Records to process.
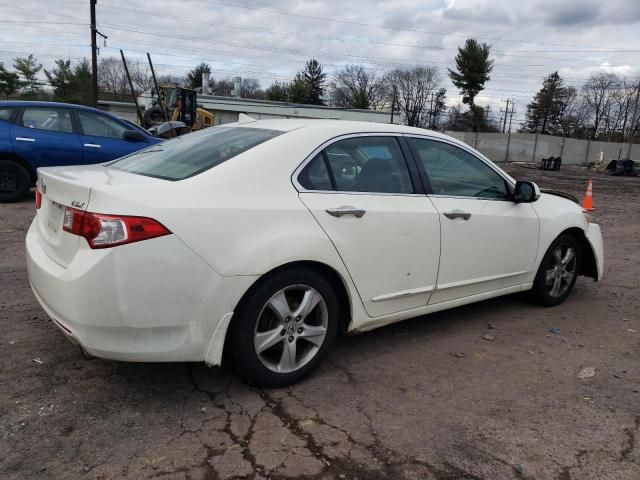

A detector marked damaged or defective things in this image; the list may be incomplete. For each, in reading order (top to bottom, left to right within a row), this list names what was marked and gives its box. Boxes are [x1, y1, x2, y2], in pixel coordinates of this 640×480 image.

cracked asphalt [0, 163, 636, 478]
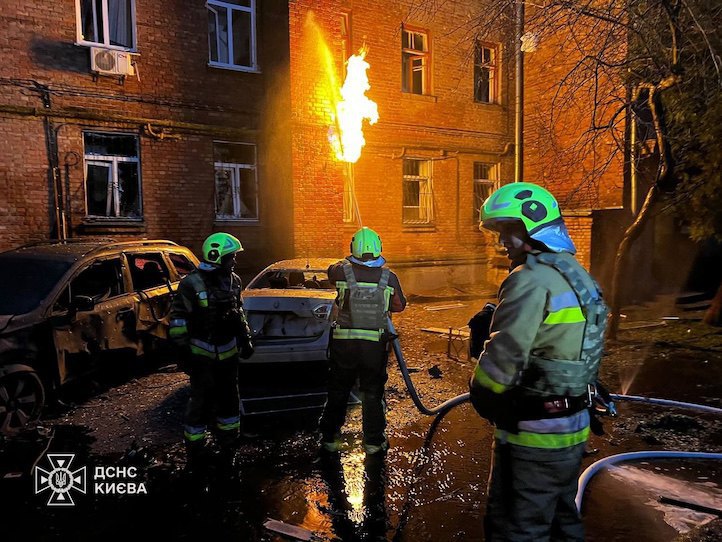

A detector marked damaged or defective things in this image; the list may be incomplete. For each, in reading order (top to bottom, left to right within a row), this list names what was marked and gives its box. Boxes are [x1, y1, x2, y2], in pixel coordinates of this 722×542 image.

broken window [77, 0, 135, 49]
broken window [205, 0, 256, 70]
broken window [400, 27, 428, 95]
broken window [472, 41, 496, 104]
broken window [83, 133, 141, 220]
broken window [214, 143, 258, 224]
broken window [402, 159, 430, 225]
broken window [472, 163, 496, 222]
broken window [126, 253, 170, 292]
burned car [0, 240, 197, 436]
charred vehicle [0, 240, 197, 436]
burned car [242, 260, 340, 366]
charred vehicle [242, 260, 340, 366]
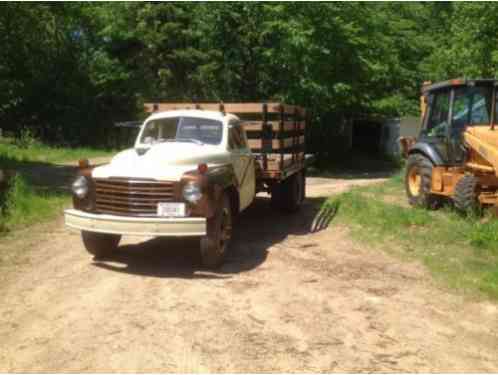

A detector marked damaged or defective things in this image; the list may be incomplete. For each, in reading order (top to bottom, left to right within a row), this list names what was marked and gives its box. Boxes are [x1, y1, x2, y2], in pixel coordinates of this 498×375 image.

rusty rear wheel [199, 194, 232, 270]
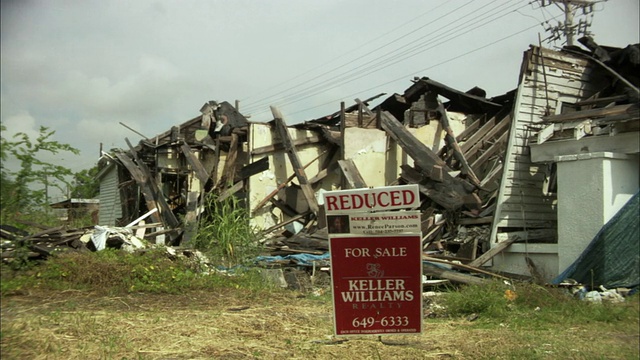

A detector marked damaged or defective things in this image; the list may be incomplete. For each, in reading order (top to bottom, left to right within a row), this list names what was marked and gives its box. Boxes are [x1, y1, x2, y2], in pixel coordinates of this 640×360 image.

broken wooden plank [180, 142, 210, 184]
splintered lumber [270, 106, 320, 214]
broken wooden plank [272, 106, 318, 214]
broken wooden plank [338, 160, 368, 190]
splintered lumber [338, 160, 368, 190]
splintered lumber [470, 238, 520, 268]
splintered lumber [422, 262, 488, 286]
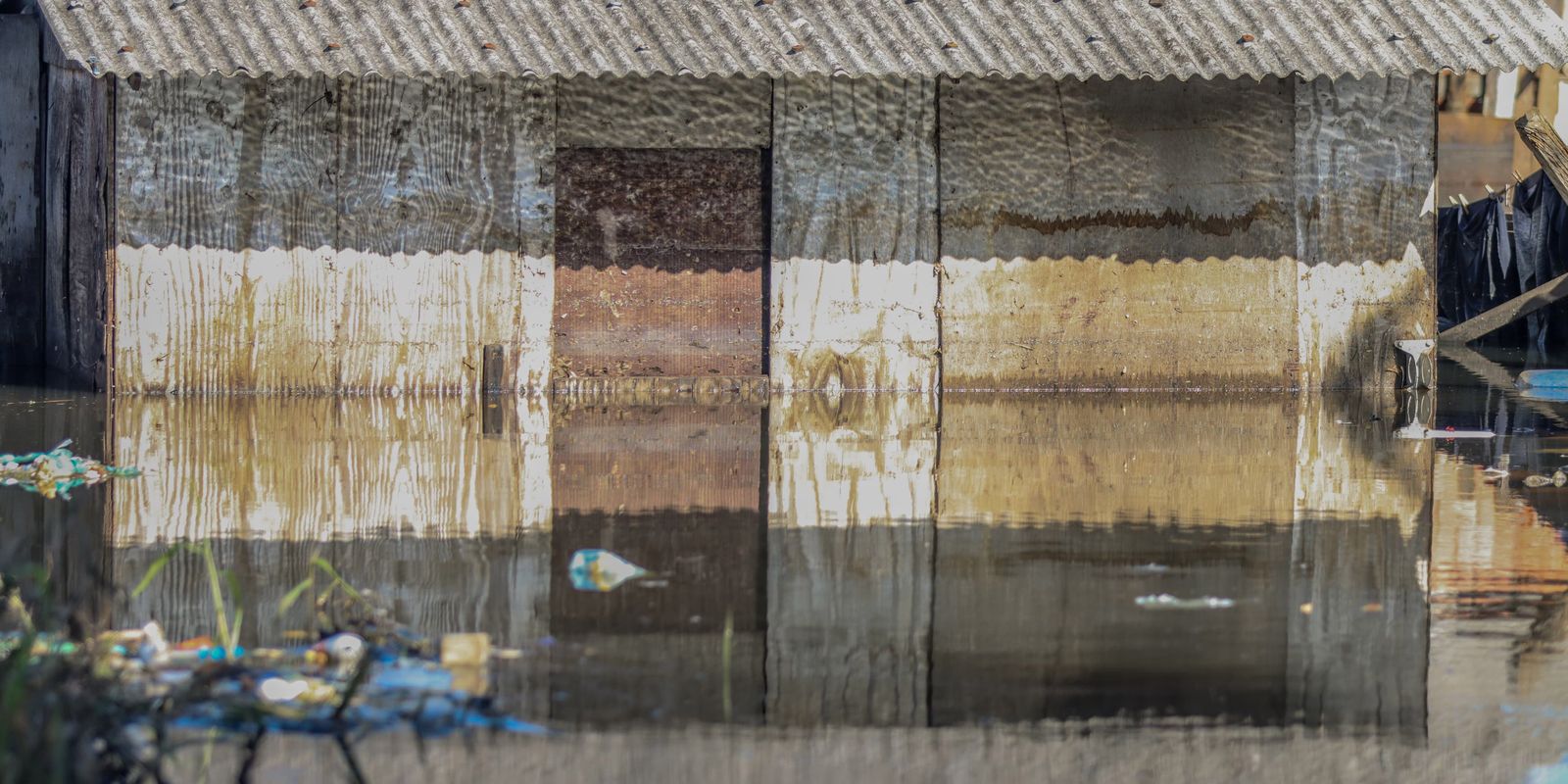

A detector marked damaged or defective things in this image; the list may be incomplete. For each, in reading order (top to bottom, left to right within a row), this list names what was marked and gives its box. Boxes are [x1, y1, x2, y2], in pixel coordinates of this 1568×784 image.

rusty door [553, 150, 768, 380]
damaged building [3, 0, 1568, 392]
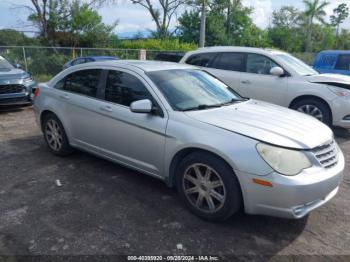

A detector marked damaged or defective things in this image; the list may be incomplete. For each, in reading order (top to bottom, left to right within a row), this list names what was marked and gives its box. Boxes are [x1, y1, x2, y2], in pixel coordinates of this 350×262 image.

damaged vehicle [180, 47, 350, 129]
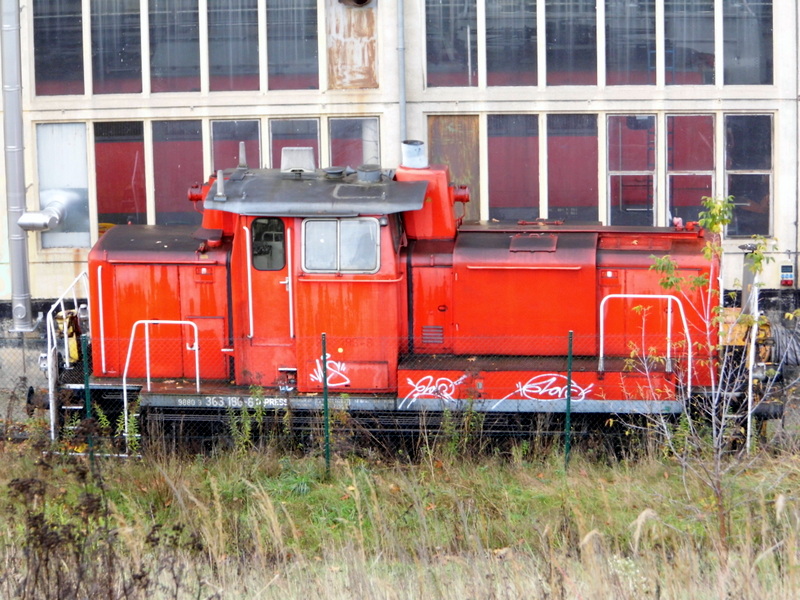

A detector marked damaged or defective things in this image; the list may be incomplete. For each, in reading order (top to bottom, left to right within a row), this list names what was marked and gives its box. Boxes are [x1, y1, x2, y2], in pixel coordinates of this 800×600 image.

Assigned task. From the line with "this 350×262 image." through the final line of the data above, copy everything exactly, both ends included, but not the pictures.

Answer to the problem.
A detector marked damaged or defective things in this image; the list may be incomplete. For each, in reading order (top to bottom, left to right within a row), this list names what was marked and gives its box. Boxes are [x1, y1, x2, y2], in pixel coordinates of this 350×262 image.

damaged vehicle [180, 47, 350, 129]

A detector marked damaged or defective things in this image; the list may be incomplete. For each, in reading order (top to bottom, left to right within a row), this list names what was marked and gives its box. Boxes are [x1, y1, x2, y2], in pixel coordinates of this 800×600 image.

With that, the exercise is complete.